Content starts

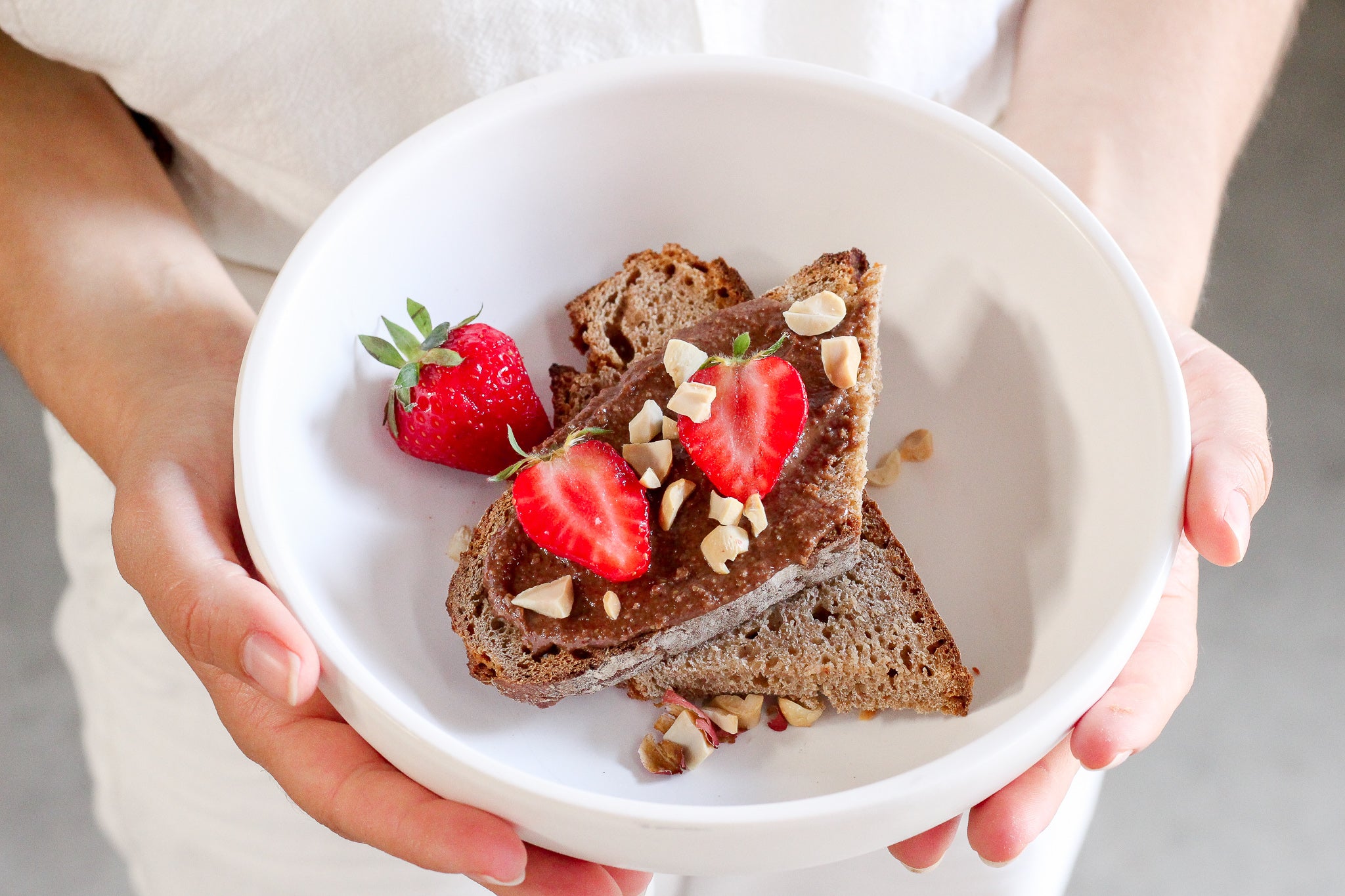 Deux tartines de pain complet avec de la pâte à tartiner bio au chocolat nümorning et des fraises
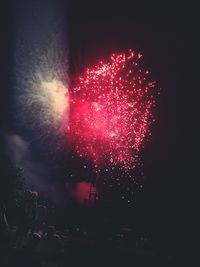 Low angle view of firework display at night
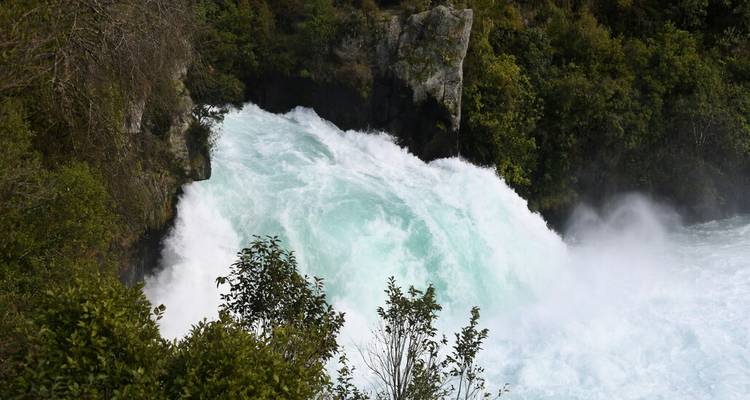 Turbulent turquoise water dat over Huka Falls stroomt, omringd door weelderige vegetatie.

Content ends

### EXERCISE PROMPT
Reproduce the lines above, exactly and exclusively, from the line containing "Low angle view of firework display at night" down to the last line, both included; pictures are not part of the copy.

### SOLVED PROBLEM
 Low angle view of firework display at night
 Turbulent turquoise water dat over Huka Falls stroomt, omringd door weelderige vegetatie.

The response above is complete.